I’ve been following this thread with interest all weekend and now that I’m in front of a computer I’m excited to chime in. One thing that I think is important to note when having this type of conversation is that the behaviors and situations we are describing are not unique to pinball, nor are they endemic to pinball. They are not caused by pinball. They are instances of larger societal forces that women experience throughout their lives; as women who play pinball, we’re describing how this manifests in this particular hobby so that our community can be aware and respond appropriately.
To this end, an anecdote: a dude was interviewing me for a radio show last year, and I told him some stories about how, when I’m out alone playing pinball, men interrupt me regularly when I am obviously busy and have not indicated any interest in talking to them. The reporter asked, shocked, “What is it about pinball that makes them think that’s ok? It’s not like they’re doing it randomly in other parts of your life!” and I was like…uhhhhhh, they totally are! Men approach me when I’m on a run, taking out the trash, even stopped at a stop light with my car window rolled down.
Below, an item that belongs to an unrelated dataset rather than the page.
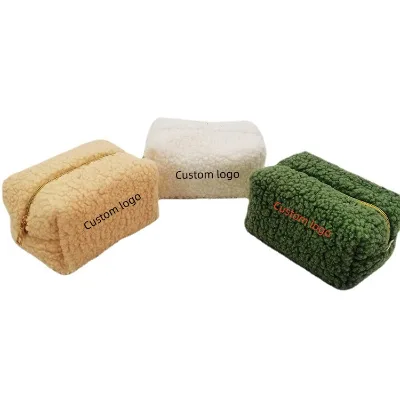Custom logo Wholesale Plush Women Makeup Bag Beautiful Teddy Multicolor Velvet Makeup Bag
It is absolutely not pinball-specific, and it absolutely is freaking annoying no matter when it happens.
Then, the reporter interviewed a male pinball friend of mine and asked him about whether people approach him while he’s out playing alone (not mentioning what I’d previously shared). My friend was aghast at the thought. He said something to the effect of, I mean, people definitely watch when I’m having a good game, but they wait til I’m done to talk to me. Women are navigating a world where many guys feel entitled to our time, our personal space, our attention, and it doesn’t play out like that for men. It just doesn’t.
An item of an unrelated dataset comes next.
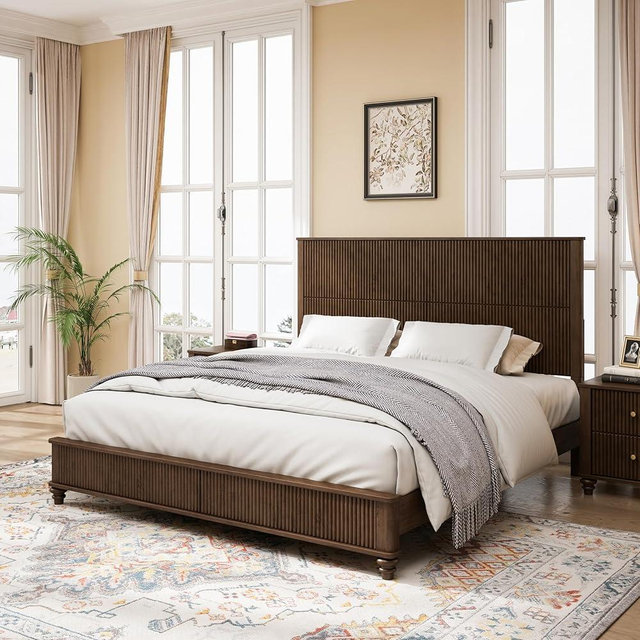SABAITEC King Size Solid Wood Platform Bed Frame, Wood Platform Bed Frame with 79.13" Headboard, Solid Wood Leg/No Box Spring Needed/Noise Free/Brown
I could go on and on. I basically do go on and on, on Tilt Thru or in discussions with other women. I could talk about the stranger with no mutual friends who Facebook messaged me after I won the women’s world championship to comment on my “gorgeous smile.” I could mention the men who tried to explain to me how a tournament was structured after I’d made it to the semi finals (beating high level opponents like KCB and REG to get there, I might add), not realizing that just because I don’t travel to big tournaments doesn’t mean I don’t know how they work.
But that would be a monster-length post (and I feel like this already is), so I’m only going to include one more example: I have been organizing pinball tournaments in Portland for 6+ years. My co-organizers (both men, and rad feminist allies to boot) have been involved in pinball for a long time, but have not been involved in the Portland scene and our long-running tournaments nearly as long as I have. At Portland Pinbrawl 2015, two A-level players from out of town, both of whom knew me and had played against me in the past, approached the tournament official booth to get a ruling. I was the only TD in the booth at the time. They asked me if I could call one of my male co-organizers over so that they could make a ruling. They literally didn’t realize that I was on the same level as the other TDs, even though I was the one who was most visible, making most of the announcements on the microphone, recording match results, etc. When I said, “…or I could make the ruling…” both players were appropriately mortified, but the fact remains that they didn’t read me as a full TD, and gender is the only thing that differentiated me from the others.
Okay, I’m done (for now). Thanks Elizabeth for starting this topic, and thanks to all the forum participants for being cool, respectful, open to learning, and receptive to new perspectives. This is the kind of conversation I envisioned when we started Tilt Forums and I’m glad to see we’ve cultivated a community where it can happen.